Tipu Sultan named his territories the Sultanate-i-Khudadad. On the fall of Tipu Sultan on 4th May, 1799, Mysore was conquered by the British, resulting in the capture of Tipu's family and his valuable treasures.
Fateh Hyder, the eldest son of Tipu Sultan, was encamped near the Karighatta Hill when he received news of his father's fate. At the time, he was accompanied by a mere 50-60 native officers and approximately 120 French forces led by Monsieur Chapuy.
On 6th May, the Commissioners dispatched letters to Fateh Hyder, Mir Qamar-ud-din [Senior Military Commander of Tipu] and Purnaiya [Finance Minister of Tipu], urging them to surrender immediately. General Harris, in a letter to Lord Wellesley, expressed his belief that they would comply shortly, given that their families were still within the fort.
As expected, Qamar-ud-din, Ali Raza Khan (a Vakeel of Tipu), and Purnaiya surrendered to General Harris shortly thereafter.
The Surrender of Fateh Hyder:
Kirmani's narrative paints a vivid picture of the tense situation that Fateh Hyder found himself in. Fateh Hyder was faced with a difficult decision when he saw the fear, distress, and despair among his followers. The British General and his officers were using conciliatory language, hinting at the possibility of placing him on the throne. Despite the urging of his bravest officers, such as Malik Jahan Khan (Dhondia Wagh), Syed Nasir Ali Mir Miran, and other Asofs, who were ready to devote their lives to his service, Fateh Hyder ultimately chose to surrender.
These officers reminded Fateh Hyder that Tipu Sultan had devoted his life to the will of God. They emphasized that his dominions, fortified cities and strongholds were still under the control of his loyal servants. Furthermore, his army, with all its artillery and stores, was waiting for action, and that if there were any intention to reconquer the country, now was the time. They assured him of their unwavering loyalty and willingness to make any sacrifice for his cause.
"This descendant of Hyder, however, notwithstanding his constitutional or hereditary bravery, at the suggestion of Purnaiya and the advice also of other traitors of the Sultan's court, (every one of whom thinking of his wife and family, abandoned his duty and loyalty) was deceived, and acted in conformity to their wishes, at once rejected the prayers of his well wishers, and consequently washing his hands of kingly power and dominion, he proceeded to meet and confer with General Harris", records Kirmani.
On the 13th of May, Fateh Hyder made the decision to surrender himself to General Harris. "Fateh Hyder came to the north bank of the river from beyond the French Rocks, where he had been since the fall of Srirangapatna....Captain Malcolm went to meet Fateh Hyder; he found him under a common tent, with about 50-60 Sirdars, who attended him to head-quarters.
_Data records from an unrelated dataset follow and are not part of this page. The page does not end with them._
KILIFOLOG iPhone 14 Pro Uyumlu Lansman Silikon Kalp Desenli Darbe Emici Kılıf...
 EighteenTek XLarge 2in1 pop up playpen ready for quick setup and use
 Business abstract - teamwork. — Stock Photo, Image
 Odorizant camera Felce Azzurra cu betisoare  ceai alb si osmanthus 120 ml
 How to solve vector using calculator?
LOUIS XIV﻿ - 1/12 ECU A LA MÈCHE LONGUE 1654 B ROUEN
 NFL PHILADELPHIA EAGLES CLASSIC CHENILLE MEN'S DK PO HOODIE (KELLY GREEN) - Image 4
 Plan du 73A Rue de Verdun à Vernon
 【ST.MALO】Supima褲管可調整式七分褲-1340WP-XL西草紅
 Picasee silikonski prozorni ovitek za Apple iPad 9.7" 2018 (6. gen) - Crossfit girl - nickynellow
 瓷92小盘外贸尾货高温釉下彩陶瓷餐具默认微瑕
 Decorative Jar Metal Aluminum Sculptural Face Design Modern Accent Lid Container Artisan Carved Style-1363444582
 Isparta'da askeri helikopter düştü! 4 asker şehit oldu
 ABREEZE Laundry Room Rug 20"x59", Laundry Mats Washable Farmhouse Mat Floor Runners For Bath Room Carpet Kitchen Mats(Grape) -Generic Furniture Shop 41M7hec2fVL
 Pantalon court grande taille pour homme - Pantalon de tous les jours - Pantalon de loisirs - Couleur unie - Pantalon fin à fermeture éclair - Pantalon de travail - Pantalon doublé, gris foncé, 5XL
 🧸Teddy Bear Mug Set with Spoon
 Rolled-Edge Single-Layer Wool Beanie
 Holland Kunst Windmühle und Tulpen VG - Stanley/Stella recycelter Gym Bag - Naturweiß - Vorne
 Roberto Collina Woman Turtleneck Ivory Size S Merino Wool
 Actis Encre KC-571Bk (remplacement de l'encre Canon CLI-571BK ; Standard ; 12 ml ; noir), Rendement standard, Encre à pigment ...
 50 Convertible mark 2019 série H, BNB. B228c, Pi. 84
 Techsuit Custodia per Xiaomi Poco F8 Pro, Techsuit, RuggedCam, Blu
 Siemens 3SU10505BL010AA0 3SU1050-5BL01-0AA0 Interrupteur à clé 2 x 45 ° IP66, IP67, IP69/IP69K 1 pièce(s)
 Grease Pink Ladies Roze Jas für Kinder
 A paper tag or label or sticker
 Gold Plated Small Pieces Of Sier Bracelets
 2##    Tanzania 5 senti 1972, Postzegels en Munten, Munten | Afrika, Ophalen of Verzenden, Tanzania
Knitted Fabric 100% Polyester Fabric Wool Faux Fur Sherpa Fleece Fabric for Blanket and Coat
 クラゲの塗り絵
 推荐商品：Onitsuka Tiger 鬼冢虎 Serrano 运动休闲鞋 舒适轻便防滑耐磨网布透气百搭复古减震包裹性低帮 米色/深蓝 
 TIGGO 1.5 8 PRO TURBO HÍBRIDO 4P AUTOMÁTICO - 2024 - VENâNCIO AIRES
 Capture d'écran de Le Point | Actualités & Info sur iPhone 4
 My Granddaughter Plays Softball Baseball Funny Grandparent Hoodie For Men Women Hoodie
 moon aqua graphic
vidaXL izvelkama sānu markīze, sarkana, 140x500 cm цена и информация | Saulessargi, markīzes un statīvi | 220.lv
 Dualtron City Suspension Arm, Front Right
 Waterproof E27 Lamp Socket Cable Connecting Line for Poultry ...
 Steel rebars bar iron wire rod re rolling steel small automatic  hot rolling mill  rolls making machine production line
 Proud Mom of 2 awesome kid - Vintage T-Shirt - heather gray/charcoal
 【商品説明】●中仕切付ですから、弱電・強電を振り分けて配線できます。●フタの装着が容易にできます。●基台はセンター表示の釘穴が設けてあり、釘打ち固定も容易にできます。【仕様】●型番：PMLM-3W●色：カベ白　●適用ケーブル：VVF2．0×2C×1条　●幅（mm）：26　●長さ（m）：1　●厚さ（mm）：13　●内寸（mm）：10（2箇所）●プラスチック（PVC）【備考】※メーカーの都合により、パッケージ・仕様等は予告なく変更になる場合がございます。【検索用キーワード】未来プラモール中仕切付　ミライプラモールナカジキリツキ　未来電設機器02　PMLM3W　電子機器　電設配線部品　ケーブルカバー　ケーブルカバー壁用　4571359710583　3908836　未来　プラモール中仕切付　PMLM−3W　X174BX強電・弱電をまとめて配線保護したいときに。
Fateh Hyder was much depressed and affected, no doubt, by the change of his fortunes", noted Major Allan.
The surrender of Fateh Hyder marked the end of the 38-year long Muslim rule at Mysore, a dynasty composed only of two rulers: Nawab Hyder Ali Khan and his son Tipu Sultan.
On June 30th, the British coronated a five-year-old descendant of the Wodeyar family, as the ruler of Mysore, who was later known as Mummudi Krishnaraja Wodeyar or Krishnaraja Wodeyar III. Purnaiya was appointed as his Diwan, or chief minister.
Kirmani's account reveals that Malik Jahan Khan, famously known as Dhondia Wagh, was set free by the British following the fall of Tipu Sultan. Subsequently, he pledged his allegiance to Fateh Hyder and joined his service.